Numa República, que faça jus ao nome e objetive a universalização do bem público, não caberia, por razões óbvias e éticas, a existência de cargos e outras sinecuras no serviço público, do tipo vitalício. O próprio sentido da vitaliciedade desconfigura a República, naquilo que ela possui de mais característico, que é a impessoalidade e o interesse comum.

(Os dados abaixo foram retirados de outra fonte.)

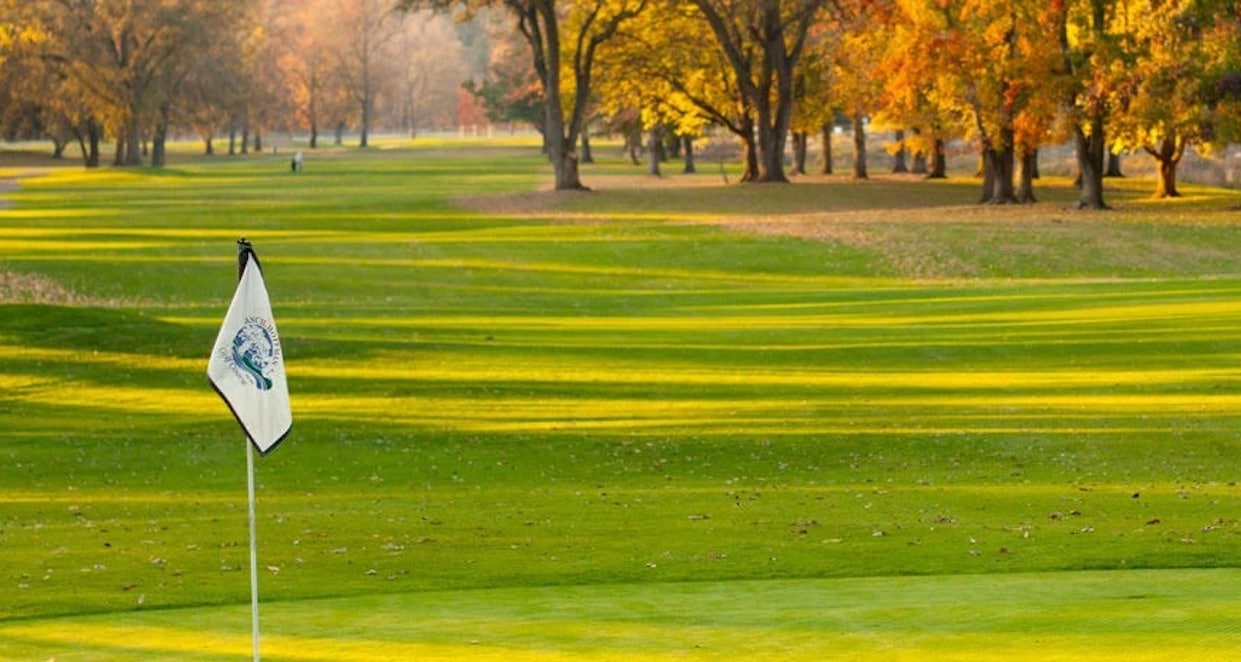 Ancil Hoffman Golf Course in Carmichael, California, USA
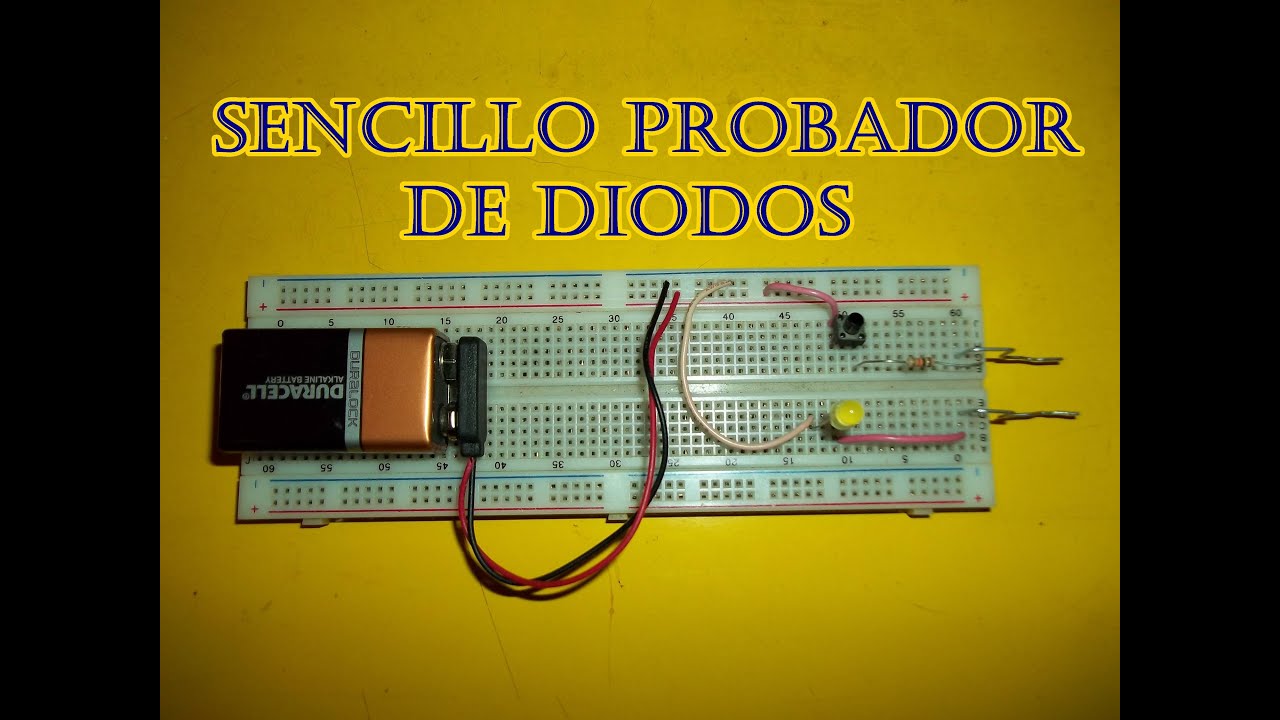 Sensillo probador de diodos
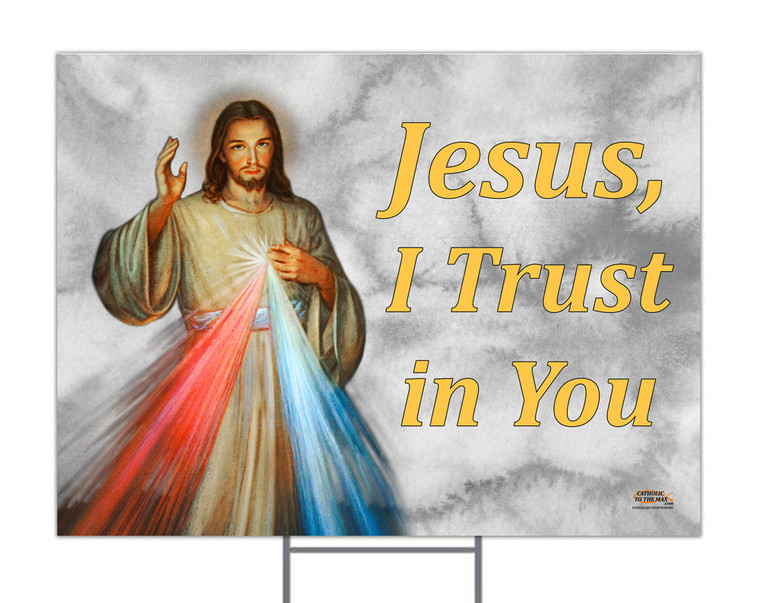 Divine Mercy Horizontal Yard Sign Divine Mercy Horizontal Yard Sign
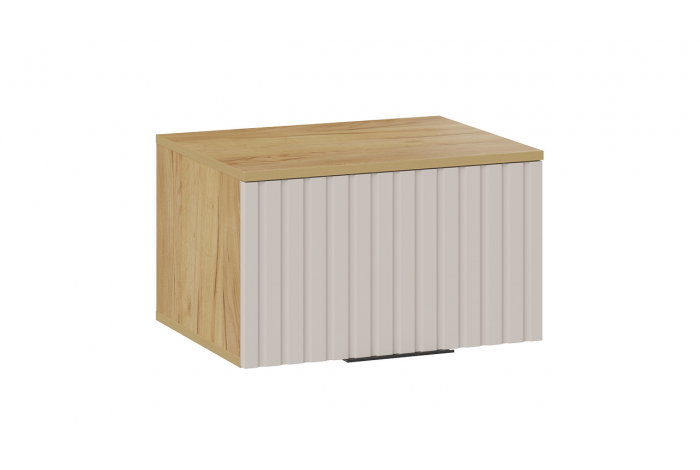 Шкаф настенный «Хилтон» Исп.2.1 - 303.007.000 Дуб Крафт золотой, Мокко матовый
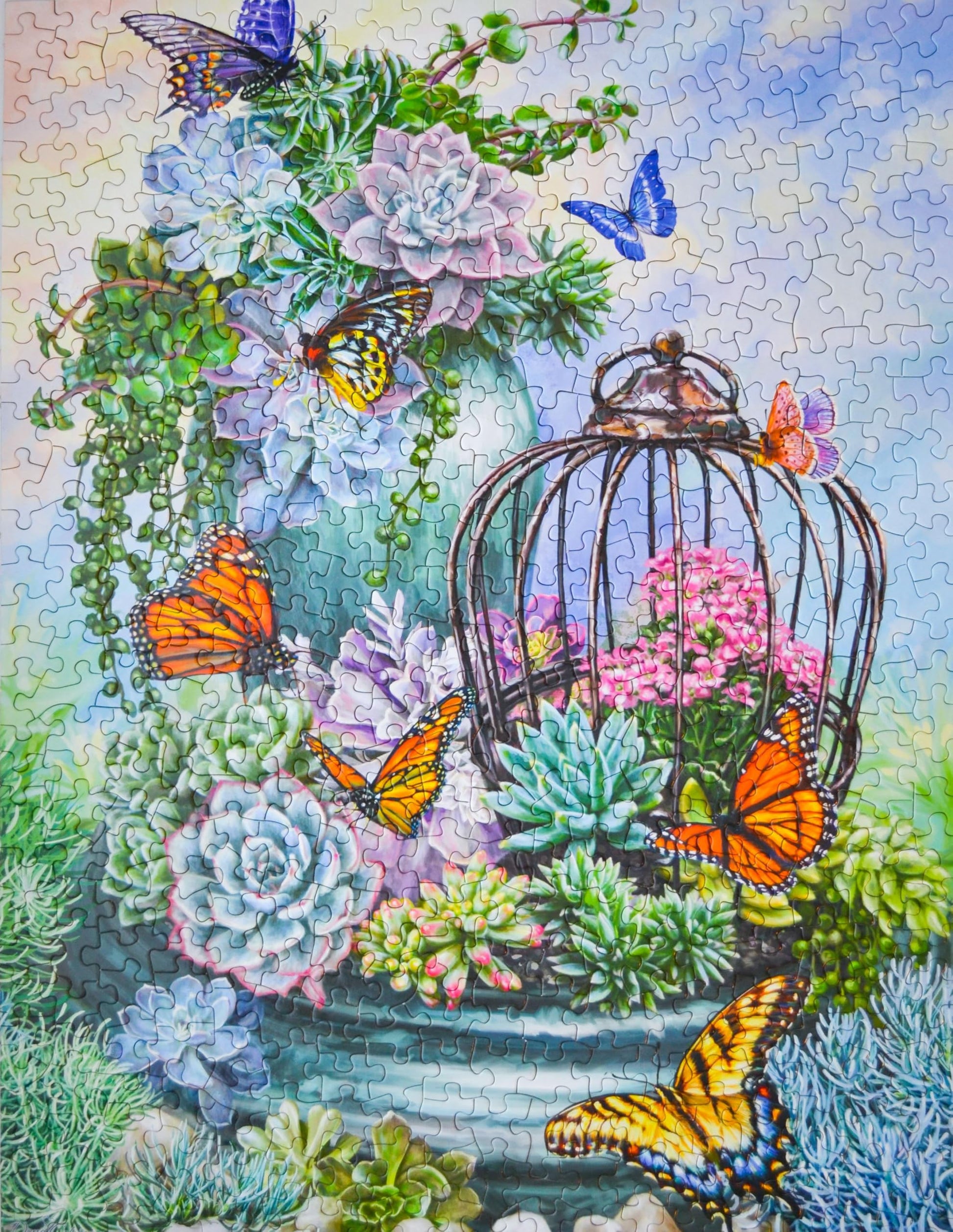 Springbok's 500 Piece Jigsaw Puzzle Butterfly Bliss - Made in USA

Ao assenhorear-se de um cargo vitalício, todo e qualquer indivíduo, entra para um mundo onde as leis naturais, que regem outros homens, não têm mais sentido. Nesse ambiente, distante anos-luz de qualquer sentido republicano, o tempo cuida de amalgamar o cargo, a função e o indivíduo, transmutando tudo num só elemento, em que não é possível separar e distinguir sujeito e objeto. O cargo e a função vitalícia representam não só o antípoda da República, como cuida de desmaterializá-lo, desmoralizando-o frente a sociedade.

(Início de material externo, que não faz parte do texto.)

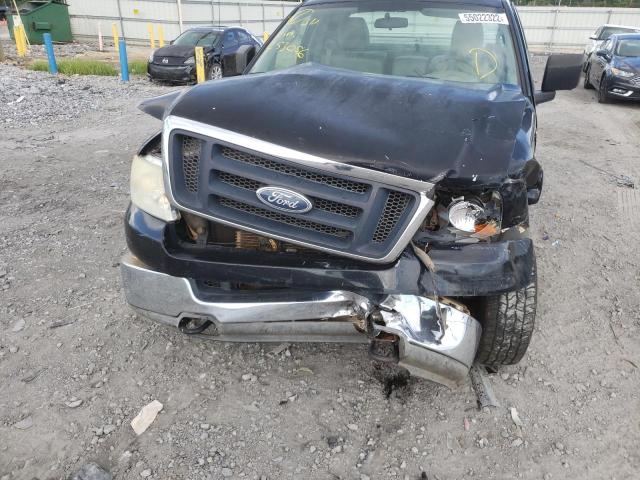 1FTRF14W34NC53056 - 2004 FORD F150 BLACK photo 9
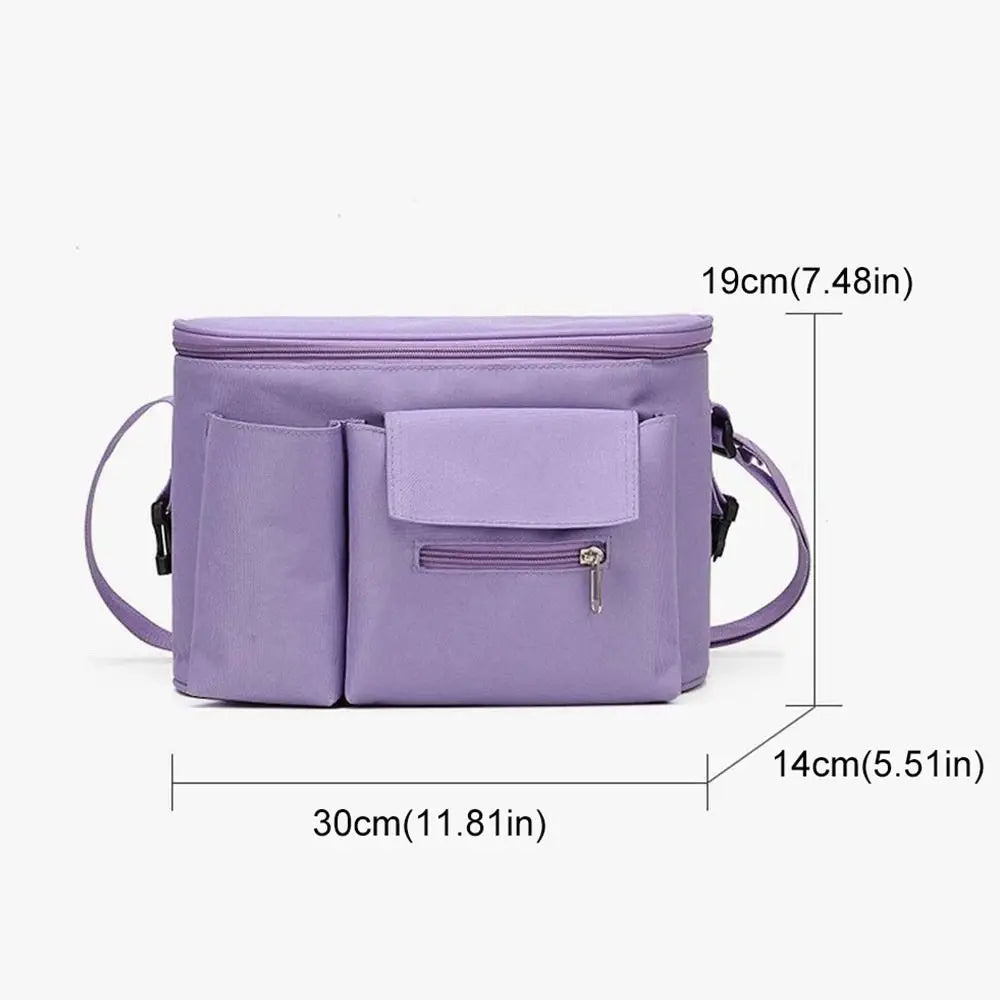 Multi Pocket Stroller Organizer Bag Large Capacity Diaper Bottle Stroller Hanging Bag Outdoor Travel Pram Storage Bag Mommy Bags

Ao transplantar esse modelo próprio da antiga monarquia para a República, o que o instituto da vitaliciedade conseguiu foi a contaminação da correta e isenta prestação dos serviços públicos, com elementos personalistas, distantes, pois, dos interesses dos cidadãos. Ao mesmo tempo em que se afasta das necessidades dos cidadãos e da ética pública, a vitaliciedade faz da máquina pública um mecanismo a serviço das elites.

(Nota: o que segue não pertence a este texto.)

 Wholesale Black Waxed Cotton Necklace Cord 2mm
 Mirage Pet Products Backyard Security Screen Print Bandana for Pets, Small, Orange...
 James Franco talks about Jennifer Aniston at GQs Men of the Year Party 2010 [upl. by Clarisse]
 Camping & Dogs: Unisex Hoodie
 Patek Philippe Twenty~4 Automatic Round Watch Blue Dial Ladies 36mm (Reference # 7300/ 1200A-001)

Para além de servir como instrumento de impunidade para aqueles que eternamente ocupam esses cargos, a vitaliciedade cria, aos olhos de todos, cidadãos de primeira e de segunda classe, uma casta de privilegiados, protegidos e blindados pelo manto de intocabilidade, livres de quaisquer punições, mesmo que cometam crimes não condizentes com o cargo que ocupam.

Quando apanhados em crimes e delitos de grande repercussão, dos quais os cidadãos comuns jamais se livrariam, esses eternos senhores são punidos com aposentadoria compulsória, recebendo salário integral e outras prebendas como reparação a expulsão do paraíso. Muitos são os escândalos ocorridos nesses postos, poucas as punições e nenhuma iniciativa para pôr fim a esses privilégios, uma vez que contribuem, direta ou indiretamente, para dar cobertura aos mal feitos das elites.

A vitaliciedade de uns acoberta e protege a de outros, e todos vivem felizes para sempre nessa terra do nunca, onde há os cargos vitalícios. As razões de tanta felicidades são sabidas: todos esses cargos levam o contemplado a uma espécie de paraíso na Terra, onde as mordomias são infinitas, as obrigações são poucas e os castigos não acontecem. De vitalício para uma República bastaria a ética.